\name{diseq}
\alias{diseq}
\alias{diseq.ci}
\alias{diseq.inner}
\title{Estimate or Compute Confidence Interval for the Single-Marker Disequilibrium}
\description{
  Estimate or compute confidence interval for single-marker disequilibrium.
}
\usage{
diseq.ci(object, marker, R = 1000, conf = 0.95, correct = TRUE, na.rm =
TRUE, ...)
diseq.inner(object, marker, ...)
}
\arguments{
  \item{object}{ geneSet object}
  \item{marker}{ marker names }
  \item{R}{ Number of bootstrap iterations to use when computing the
    confidence interval. Defaults to 1000.} 
  \item{conf}{ Confidence level to use when computing the confidence
    level for D-hat.  Defaults to 0.95, should be in (0,1).}
  \item{correct}{See details.}
  \item{na.rm}{ logical.
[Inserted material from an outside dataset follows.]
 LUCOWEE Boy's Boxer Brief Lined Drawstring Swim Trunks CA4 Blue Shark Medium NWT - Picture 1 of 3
Should missing values be removed?}
  \item{\dots}{ optional additional parameters passed}
}
\details{
  For a single-gene marker, \code{diseq} computes the Hardy-Weinberg
  (dis)equilibrium statistic D, D', r (the correlation coefficient), and
  \eqn{r^2} for each pair of allele values, as well as an overall
  summary value for each measure across all alleles.  \code{print.diseq}
  displays the contents of a \code{diseq} object. \code{diseq.ci}
  computes a bootstrap confidence interval for this estimate.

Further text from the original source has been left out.